** Your task **
For this exercise, repeat the listing below from its first line through the line containing "enoillim ni) eroees", exactly as written.

** Supplied records **

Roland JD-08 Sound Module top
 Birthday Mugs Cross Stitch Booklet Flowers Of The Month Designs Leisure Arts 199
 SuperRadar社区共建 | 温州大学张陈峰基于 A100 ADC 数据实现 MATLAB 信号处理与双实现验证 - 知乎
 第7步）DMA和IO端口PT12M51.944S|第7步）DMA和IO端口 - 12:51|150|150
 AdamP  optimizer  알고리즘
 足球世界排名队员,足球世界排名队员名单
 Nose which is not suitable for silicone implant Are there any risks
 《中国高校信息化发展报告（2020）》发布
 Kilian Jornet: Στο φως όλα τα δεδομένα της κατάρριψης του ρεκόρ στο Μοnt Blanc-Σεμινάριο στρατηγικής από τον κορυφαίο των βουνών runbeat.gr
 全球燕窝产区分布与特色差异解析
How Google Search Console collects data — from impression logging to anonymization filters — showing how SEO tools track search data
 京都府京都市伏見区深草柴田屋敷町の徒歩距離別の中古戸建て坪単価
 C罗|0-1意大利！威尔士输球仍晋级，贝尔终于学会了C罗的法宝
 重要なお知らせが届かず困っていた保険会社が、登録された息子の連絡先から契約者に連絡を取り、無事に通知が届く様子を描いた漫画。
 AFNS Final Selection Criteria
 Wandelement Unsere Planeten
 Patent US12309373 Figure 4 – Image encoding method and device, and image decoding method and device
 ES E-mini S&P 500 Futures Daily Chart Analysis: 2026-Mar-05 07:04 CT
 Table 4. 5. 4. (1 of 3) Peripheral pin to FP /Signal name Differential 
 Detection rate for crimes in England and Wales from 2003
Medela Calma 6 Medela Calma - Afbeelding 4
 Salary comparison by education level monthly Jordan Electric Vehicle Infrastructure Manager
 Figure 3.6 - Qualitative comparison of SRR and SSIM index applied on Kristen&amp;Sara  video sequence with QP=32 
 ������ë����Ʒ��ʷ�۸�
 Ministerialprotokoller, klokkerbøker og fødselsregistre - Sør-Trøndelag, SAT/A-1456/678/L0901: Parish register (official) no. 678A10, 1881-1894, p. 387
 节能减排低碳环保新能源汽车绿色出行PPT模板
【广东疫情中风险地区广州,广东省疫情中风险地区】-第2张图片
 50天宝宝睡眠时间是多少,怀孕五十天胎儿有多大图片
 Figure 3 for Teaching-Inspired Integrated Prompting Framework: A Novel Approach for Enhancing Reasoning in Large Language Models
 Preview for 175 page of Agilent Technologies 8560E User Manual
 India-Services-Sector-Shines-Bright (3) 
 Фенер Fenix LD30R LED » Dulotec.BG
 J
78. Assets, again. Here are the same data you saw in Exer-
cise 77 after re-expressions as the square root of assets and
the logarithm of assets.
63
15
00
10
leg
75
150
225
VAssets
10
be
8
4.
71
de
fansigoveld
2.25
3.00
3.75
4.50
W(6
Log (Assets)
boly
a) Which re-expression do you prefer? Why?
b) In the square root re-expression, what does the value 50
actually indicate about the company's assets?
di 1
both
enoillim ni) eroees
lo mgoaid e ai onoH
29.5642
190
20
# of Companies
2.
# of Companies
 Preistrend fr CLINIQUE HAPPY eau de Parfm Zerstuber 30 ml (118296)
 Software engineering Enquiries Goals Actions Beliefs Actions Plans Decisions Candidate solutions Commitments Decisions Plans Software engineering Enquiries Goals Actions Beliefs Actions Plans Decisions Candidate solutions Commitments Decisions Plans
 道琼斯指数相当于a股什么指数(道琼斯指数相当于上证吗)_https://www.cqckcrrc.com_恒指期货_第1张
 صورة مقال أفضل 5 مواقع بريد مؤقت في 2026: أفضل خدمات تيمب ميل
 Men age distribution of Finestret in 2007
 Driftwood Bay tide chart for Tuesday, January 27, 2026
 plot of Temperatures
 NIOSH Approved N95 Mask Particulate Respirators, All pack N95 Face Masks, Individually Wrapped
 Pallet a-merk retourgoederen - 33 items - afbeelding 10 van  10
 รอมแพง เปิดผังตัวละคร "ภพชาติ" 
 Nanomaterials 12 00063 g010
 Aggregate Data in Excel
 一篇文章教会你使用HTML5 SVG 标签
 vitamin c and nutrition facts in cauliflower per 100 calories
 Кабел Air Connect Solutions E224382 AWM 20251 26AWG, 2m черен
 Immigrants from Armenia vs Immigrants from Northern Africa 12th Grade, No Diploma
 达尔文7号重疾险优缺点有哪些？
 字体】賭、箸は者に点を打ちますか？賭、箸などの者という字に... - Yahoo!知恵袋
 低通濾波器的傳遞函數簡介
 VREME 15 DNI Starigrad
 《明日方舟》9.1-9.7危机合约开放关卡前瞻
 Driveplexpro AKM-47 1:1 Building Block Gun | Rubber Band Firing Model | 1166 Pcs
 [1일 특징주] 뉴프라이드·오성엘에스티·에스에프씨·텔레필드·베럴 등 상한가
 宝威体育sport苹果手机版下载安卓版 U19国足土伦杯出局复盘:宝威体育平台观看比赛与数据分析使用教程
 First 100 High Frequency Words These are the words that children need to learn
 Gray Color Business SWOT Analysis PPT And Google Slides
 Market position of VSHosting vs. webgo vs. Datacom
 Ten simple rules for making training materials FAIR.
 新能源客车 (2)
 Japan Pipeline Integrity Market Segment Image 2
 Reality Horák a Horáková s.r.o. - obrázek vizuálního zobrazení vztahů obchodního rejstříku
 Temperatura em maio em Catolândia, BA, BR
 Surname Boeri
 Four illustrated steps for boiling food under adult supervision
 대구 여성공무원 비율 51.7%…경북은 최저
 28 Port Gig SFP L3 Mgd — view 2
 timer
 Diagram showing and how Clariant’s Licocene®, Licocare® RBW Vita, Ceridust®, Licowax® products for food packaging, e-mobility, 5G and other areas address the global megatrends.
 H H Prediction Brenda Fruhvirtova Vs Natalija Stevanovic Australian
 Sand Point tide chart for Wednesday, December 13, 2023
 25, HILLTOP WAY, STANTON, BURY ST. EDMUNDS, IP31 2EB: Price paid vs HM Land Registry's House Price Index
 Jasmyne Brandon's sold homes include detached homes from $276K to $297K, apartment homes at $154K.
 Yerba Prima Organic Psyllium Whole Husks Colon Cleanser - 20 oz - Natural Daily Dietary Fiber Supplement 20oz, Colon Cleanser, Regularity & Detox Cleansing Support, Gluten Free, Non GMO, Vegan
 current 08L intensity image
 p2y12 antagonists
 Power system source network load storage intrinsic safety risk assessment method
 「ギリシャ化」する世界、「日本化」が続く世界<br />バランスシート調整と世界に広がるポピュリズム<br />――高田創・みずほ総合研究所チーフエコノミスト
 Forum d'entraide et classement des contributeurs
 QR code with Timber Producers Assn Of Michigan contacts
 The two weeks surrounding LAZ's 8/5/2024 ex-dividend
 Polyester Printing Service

** Your response **
Roland JD-08 Sound Module top
 Birthday Mugs Cross Stitch Booklet Flowers Of The Month Designs Leisure Arts 199
 SuperRadar社区共建 | 温州大学张陈峰基于 A100 ADC 数据实现 MATLAB 信号处理与双实现验证 - 知乎
 第7步）DMA和IO端口PT12M51.944S|第7步）DMA和IO端口 - 12:51|150|150
 AdamP  optimizer  알고리즘
 足球世界排名队员,足球世界排名队员名单
 Nose which is not suitable for silicone implant Are there any risks
 《中国高校信息化发展报告（2020）》发布
 Kilian Jornet: Στο φως όλα τα δεδομένα της κατάρριψης του ρεκόρ στο Μοnt Blanc-Σεμινάριο στρατηγικής από τον κορυφαίο των βουνών runbeat.gr
 全球燕窝产区分布与特色差异解析
How Google Search Console collects data — from impression logging to anonymization filters — showing how SEO tools track search data
 京都府京都市伏見区深草柴田屋敷町の徒歩距離別の中古戸建て坪単価
 C罗|0-1意大利！威尔士输球仍晋级，贝尔终于学会了C罗的法宝
 重要なお知らせが届かず困っていた保険会社が、登録された息子の連絡先から契約者に連絡を取り、無事に通知が届く様子を描いた漫画。
 AFNS Final Selection Criteria
 Wandelement Unsere Planeten
 Patent US12309373 Figure 4 – Image encoding method and device, and image decoding method and device
 ES E-mini S&P 500 Futures Daily Chart Analysis: 2026-Mar-05 07:04 CT
 Table 4. 5. 4. (1 of 3) Peripheral pin to FP /Signal name Differential 
 Detection rate for crimes in England and Wales from 2003
Medela Calma 6 Medela Calma - Afbeelding 4
 Salary comparison by education level monthly Jordan Electric Vehicle Infrastructure Manager
 Figure 3.6 - Qualitative comparison of SRR and SSIM index applied on Kristen&amp;Sara  video sequence with QP=32 
 ������ë����Ʒ��ʷ�۸�
 Ministerialprotokoller, klokkerbøker og fødselsregistre - Sør-Trøndelag, SAT/A-1456/678/L0901: Parish register (official) no. 678A10, 1881-1894, p. 387
 节能减排低碳环保新能源汽车绿色出行PPT模板
【广东疫情中风险地区广州,广东省疫情中风险地区】-第2张图片
 50天宝宝睡眠时间是多少,怀孕五十天胎儿有多大图片
 Figure 3 for Teaching-Inspired Integrated Prompting Framework: A Novel Approach for Enhancing Reasoning in Large Language Models
 Preview for 175 page of Agilent Technologies 8560E User Manual
 India-Services-Sector-Shines-Bright (3) 
 Фенер Fenix LD30R LED » Dulotec.BG
 J
78. Assets, again. Here are the same data you saw in Exer-
cise 77 after re-expressions as the square root of assets and
the logarithm of assets.
63
15
00
10
leg
75
150
225
VAssets
10
be
8
4.
71
de
fansigoveld
2.25
3.00
3.75
4.50
W(6
Log (Assets)
boly
a) Which re-expression do you prefer? Why?
b) In the square root re-expression, what does the value 50
actually indicate about the company's assets?
di 1
both
enoillim ni) eroees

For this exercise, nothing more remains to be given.